Ignoring the pictures, copy the data exactly.

Source material -
◆ ◆ ◆ ◆ ◆ ◆ ◆

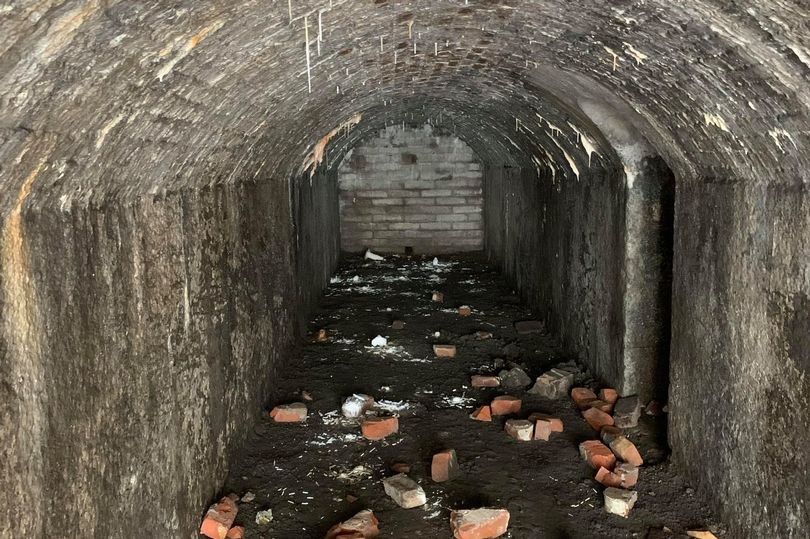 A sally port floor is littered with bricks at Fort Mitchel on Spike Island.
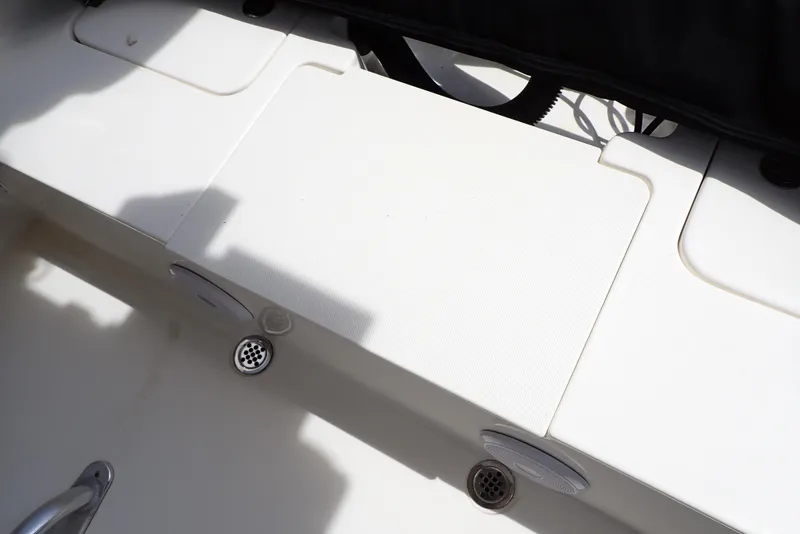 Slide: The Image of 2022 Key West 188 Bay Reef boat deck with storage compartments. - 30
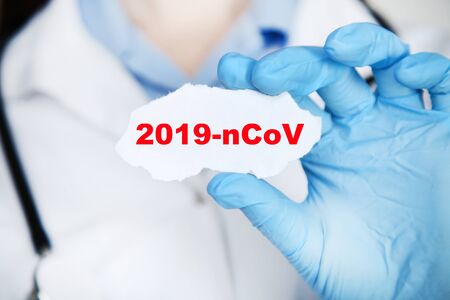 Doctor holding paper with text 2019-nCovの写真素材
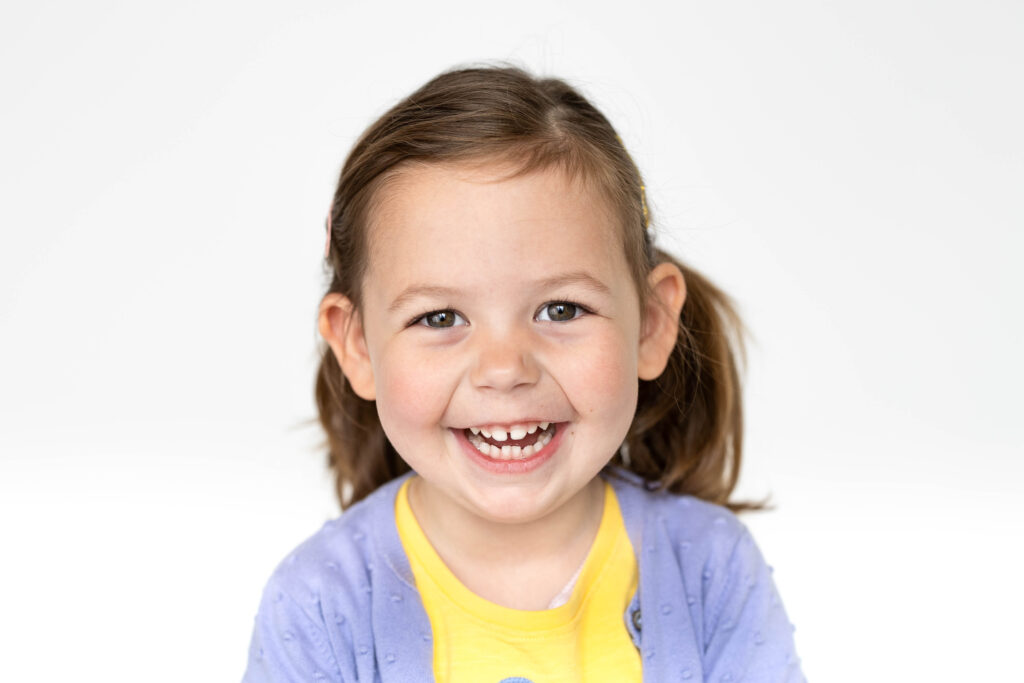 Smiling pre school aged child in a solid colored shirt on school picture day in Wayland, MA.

◆ ◆ ◆ ◆ ◆ ◆ ◆

Your response -
 A sally port floor is littered with bricks at Fort Mitchel on Spike Island.
 Slide: The Image of 2022 Key West 188 Bay Reef boat deck with storage compartments. - 30
 Doctor holding paper with text 2019-nCovの写真素材
 Smiling pre school aged child in a solid colored shirt on school picture day in Wayland, MA.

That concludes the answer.